**Records for this exercise**

========

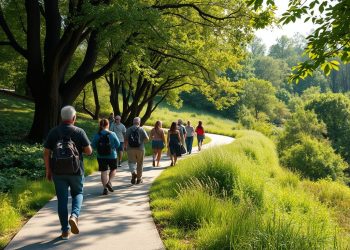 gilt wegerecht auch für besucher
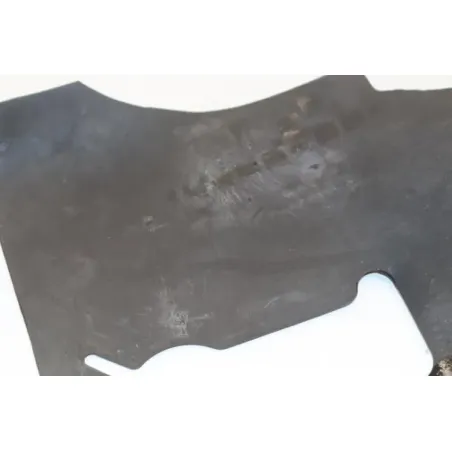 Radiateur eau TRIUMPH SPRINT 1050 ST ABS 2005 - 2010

========

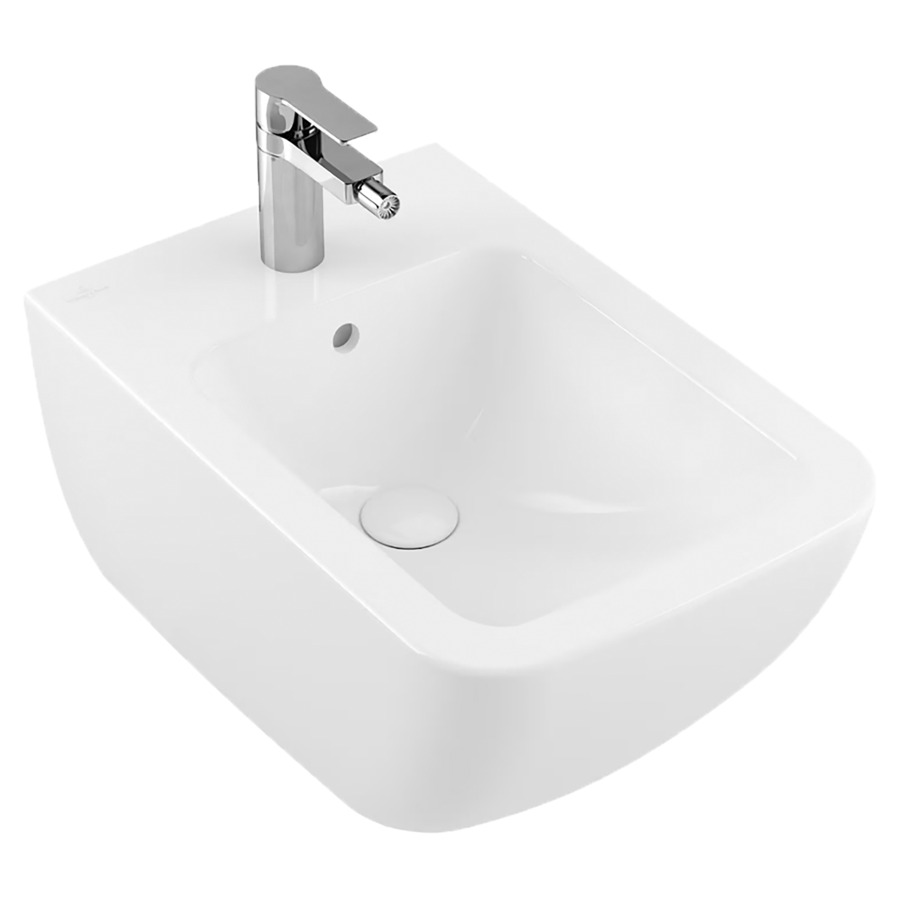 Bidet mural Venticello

========

**Required action**
From the line containing "gilt wegerecht auch für besucher" through the line containing "Radiateur eau TRIUMPH", copy every line above exactly, without pictures.

**Finished exercise**
 gilt wegerecht auch für besucher
 Radiateur eau TRIUMPH SPRINT 1050 ST ABS 2005 - 2010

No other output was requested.